Today’s post comes from guest author Matthew Funk from Pasternack Tilker Ziegler Walsh Stanton & Romano.
QUESTION: I DID NOT TELL MY BOSS WITHIN 24 HOURS ABOUT THE ACCIDENT I HAD AT WORK. DOES THIS MEAN I CANNOT COLLECT WORKERS COMP?
ANSWER: THERE IS NO 24-HOUR REPORTING REQUIREMENT UNDER THE COMPENSATION LAW
Joe was working on one of the old boilers at the old Jefferson High School when he tripped over a wrench. Banged up his knee pretty bad. After the ER visit, the X-rays, the knee brace, and the really good painkillers, Joe went back to work intending to let his boss know of his injury and to file Workers Comp paperwork. But one thing led to another and it wasn’t until three days later that Joe remembered he hadn’t told his boss or had filed any paperwork. Joe panicked.
Wasn’t there a rule that in order to file a Workers Comp claim, you had to have told your boss within 24 hours of the accident? That ER bill was steep and paying out of pocket would really blow his already-stretched paycheck. Joe was so pissed he would have kicked the wall if his knee didn’t hurt so much.
Don’t give up, Joe! File, Joe!! File!!
An injured worker does not have to notify his or her employer within 24 hours to collect benefits under the Workers Compensation Law. He or she may have to notify an employer within 24 hours to make sure they are entitled to certain benefits from the employer or their union. BUT the Compensation Law is different. It requires that notice of the injury be provided within 30 day of the accident. This notice can be provided orally or in writing. Keep in mind it is ALWAYS better to submit an accident report in writing.

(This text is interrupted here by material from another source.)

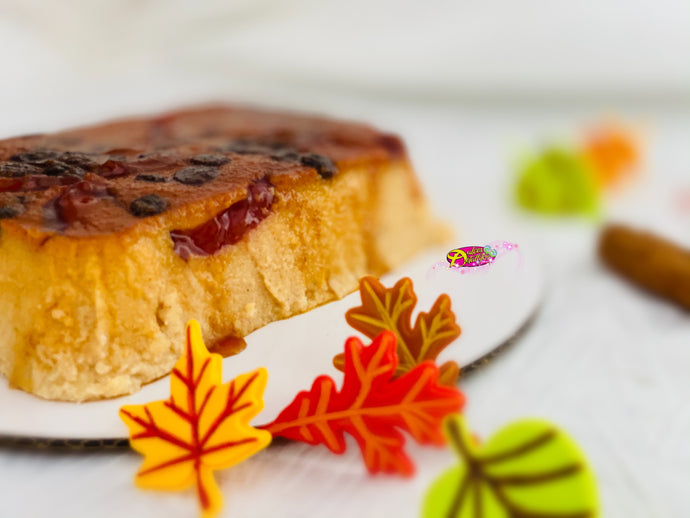 Dulce Budín Marmoleado de Guayaba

In fact, generally speaking, it is always better to submit any claims and reports in writing rather than rely on an oral statement. Oral reports have a tendency of encouraging forgetfulness. With a written report, when a supervisor is testifying before a Judge on the accident and claim, there’s no risk of any short-term memory or all out amnesia. More so, a written accident report or letter that describes the incident will hold up better in court than an oral statement. Another benefit of submitting a written report is that it makes it difficult for a supervisor to deny the accident when there is a written document.
Although there are ways around the 30-day rule, there is no guarantee that a Judge will apply one of the exceptions to the case. So always make sure a written report is given.
One important point to keep in mind is if the injured worker does not speak English, then a shop steward may be allowed to give the accident notice on his or her behalf to the employer. However, that shop steward would have to detail in writing a notice to the employer, as well as be prepared to testify in Court the reason notice was given for the injured worker.
To ensure proper procedure is followed and benefits are preserved under the Compensation Law, when a worker is injured he or she should be to submit a report in writing as soon as possible, or if English is not their primary language have a shop steward give a written notice on their behalf. The letter or report should contain a history of the accident, the date of the accident and any possible witnesses to the incident. When appearing before a Judge in Court, this letter/report would establish sufficient evidence that notice was given.
Although Joe missed out on certain union benefits he would have received for his injury if he had filed within 24 hours, he did successfully filed for Workers Compensation under the 30 day notice and he did received benefits.